I created a data frame with spacy (columns: sentencens, tokens, stopwords, content words, pos, entities) and saved it as a csv. When I read it as a csv file (it looks pretty decent), but when I perform a for loop over the columns, it does not return the expected result (for my basic domain of Python).
For example:
words = []
for items in df['tokens']:
for word in items:
words.append(word)
what I expected [tea, and, ...]
what I got ['t', 'e', 'a', ',', ' ', 'a', 'n', 'd', . . .
It happens in any column I try to iterate over. What is wrong with it? I need it to be a csv as it is, to be shared with college mates that uses excel to visualize the data.
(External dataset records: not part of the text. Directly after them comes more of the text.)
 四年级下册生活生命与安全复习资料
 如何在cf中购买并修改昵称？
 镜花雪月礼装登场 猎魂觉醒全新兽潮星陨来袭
CodePudding user response:
from ast import literal_eval
df = pd.read_csv('sample.csv', converters={'tokens': literal_eval})
print(df.iloc[0,0][0])
This should help you evaluate the list of strings and then parse it out separately as needed. Then your for loop will work as above
CodePudding user response:
I didn't had the minimum reproducible example. I created one:
import pandas as pd
df = pd.DataFrame(
{ 'tokens': [['tea','and','coffee'],['coffee','with','milk']]})
words = []
for items in df['tokens']:
for word in items:
words.append(word)
Please show us your df['tokens']
and give us a minimum reproducible example, I will edit accordingly.